I have to prove that this is not R.E. and not co-R.E.

I know how to approach these kind of problems. For $\check L = \{ \langle M \rangle \mid \text{\(M\) is a Turing Machine and \(|L(M)| \le 1\)} \}$, Here a simple reduction from complement of HP would do the trick. (Make a TM $M'$ which on input $w$ runs $M$ on $x$ and accepts if $M$ accepts $x$. If $\langle M,x \rangle$ belongs to complement of HP then $x$ would not be accepted and hence $M'$ would reject everything thereby satisfying the $\le 1$ property. Also in case $\langle M,x \rangle$ doesn't belong to complement of HP, $M'$ would accept everything and hence would be $\gt 1$. Thus we know that the complement of HP is reducible to $\check L$. Hence $\check L$ is not RE.)
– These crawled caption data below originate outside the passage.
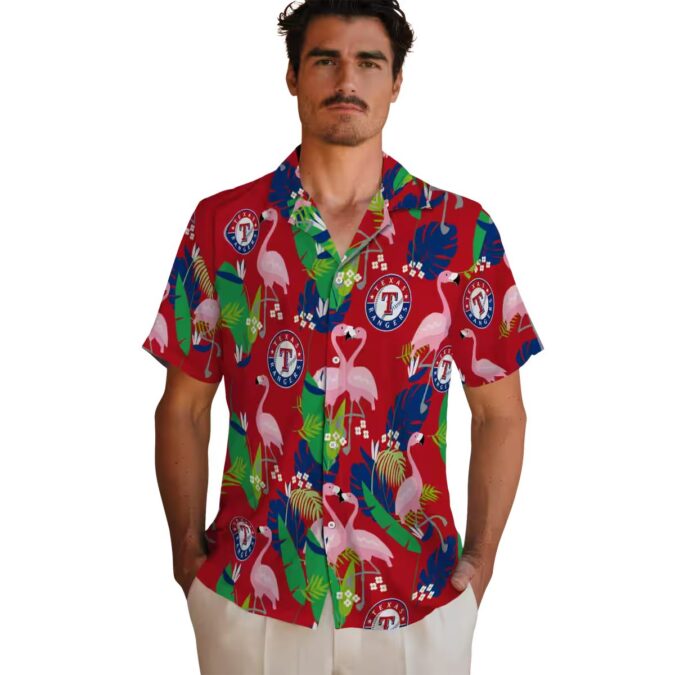 Limited Edition Texas Rangers Hawaiian Shirt - Blue Green Flamingo Vacation Style
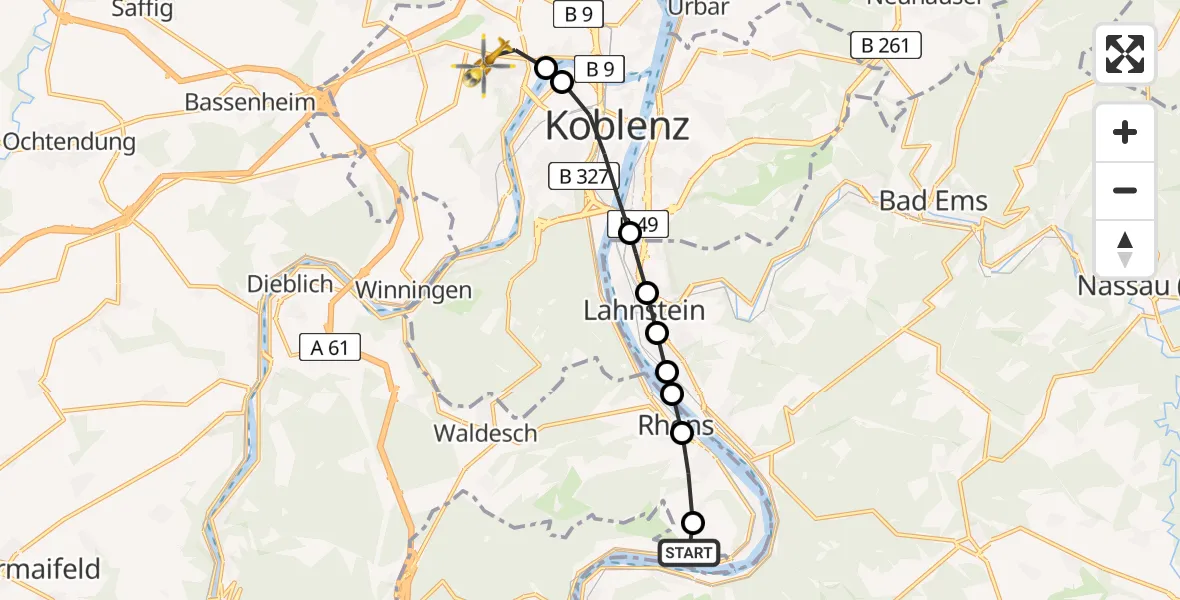 Flugroute Rettungshubschrauber Boppard - Koblenz, 20 Februar 2026, 10:51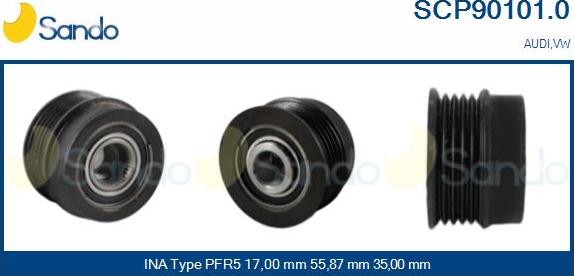 Sando SCP90101.0 - Piedziņas skriemelis, Ģenerators www.autospares.lv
But in the main problem I don't have an inequality and I am stuck with how to approach such problems. I would face the same problem while proving $L'$ (complement of $L$) as not RE for proving $L$ as not co RE.

Answer 1

One way to solve this problem is by showing there do not exist Turing machines that accept $L_3$ or $\overline L$. But probably that is simply restating the question.

$L_u$, the universal language, is non-recursive but RE language. If we reduce $L_u \leq_M L$ then $L$ cannot be co-RE. If we reduce $L_u \leq_M \overline{L}$ then $L$ cannot be RE.

Let us first do the reduction $L_u \leq_M L$.

We shall reduce $\langle M,w\rangle$ to a Turing machine $M'$ as follows: $M'$ rejects all inputs other than $w$. If the input is $w$ then it runs as Turing Machine $M$ on $w$. This gives us $\langle M,w\rangle \in L_u$ iff $M' = f(\langle M,w\rangle) \in L$.

Hence $L_u \leq_M L$. Therefore $L$ cannot be co-RE. Otherwise $L_u$ will become recursive.

Next we do the reduction $L_u \leq_M \overline L$.

We shall reduce $\langle M,w\rangle$ to a Turing machine $M''$ as follows: Let $w'$ be a string other than $w$. $M''$ rejects all inputs other than $w$ and $w'$. If the input in $w'$ then $M''$ accepts the input. If the input is $w$ then it runs as Turing Machine $M$ on $w$. This gives us $\langle M,w\rangle \in L_u$ iff $M''= f(\langle M,w\rangle) \not\in L$, that is, $\langle M,w\rangle \in L_u$ iff $M'' \in \overline L$.

Hence $L_u \leq_M \overline{L}$. Therefore $L$ cannot be RE. Otherwise $L_u$ will become recursive.

If we combine the results, $L$ is neither RE nor co-RE.